Turkey is in the grip of an economic recession. Major cities, especially Istanbul, are witnessing rising resentment from Turks, who see Syrians taking their jobs and becoming a burden on education and health services. Turkish president Recep Erdogan suffered a backlash in the June mayoral elections in Istanbul, where his governing party (AKP) lost to the National Alliance and its candidate Ekrem Imamoglu. Erdogan had previously said if his party “lost Istanbul, we would lose Turkey”.

  1. What will happen next?

    The future doesn’t seem very bright for the Syrians.
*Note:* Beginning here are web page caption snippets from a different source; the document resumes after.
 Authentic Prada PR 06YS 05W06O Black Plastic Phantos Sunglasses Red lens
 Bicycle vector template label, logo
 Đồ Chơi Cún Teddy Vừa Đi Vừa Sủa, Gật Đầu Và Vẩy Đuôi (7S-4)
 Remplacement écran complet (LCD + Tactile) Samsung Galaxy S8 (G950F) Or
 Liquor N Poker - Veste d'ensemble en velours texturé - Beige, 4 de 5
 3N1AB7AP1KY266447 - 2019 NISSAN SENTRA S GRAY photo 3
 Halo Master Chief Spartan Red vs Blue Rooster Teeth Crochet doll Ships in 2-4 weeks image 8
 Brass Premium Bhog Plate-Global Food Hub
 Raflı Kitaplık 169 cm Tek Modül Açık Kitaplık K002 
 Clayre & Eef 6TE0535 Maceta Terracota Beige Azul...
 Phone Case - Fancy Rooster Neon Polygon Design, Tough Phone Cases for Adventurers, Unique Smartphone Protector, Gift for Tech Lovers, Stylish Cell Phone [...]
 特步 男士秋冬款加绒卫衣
Despite the Turkish government’s emphatic denial of deporting them, it was recently reported that five Syrians, who said they were forced to sign paperwork in Turkish and Arabic, were “voluntarily” returning to Syria. They are usually bundled in a crowded bus with other Syrians and taken to Bab al-Hawa, crossing into Idlib, a northwestern Syrian province controlled by opposition forces and Islamist militants backed by Turkey.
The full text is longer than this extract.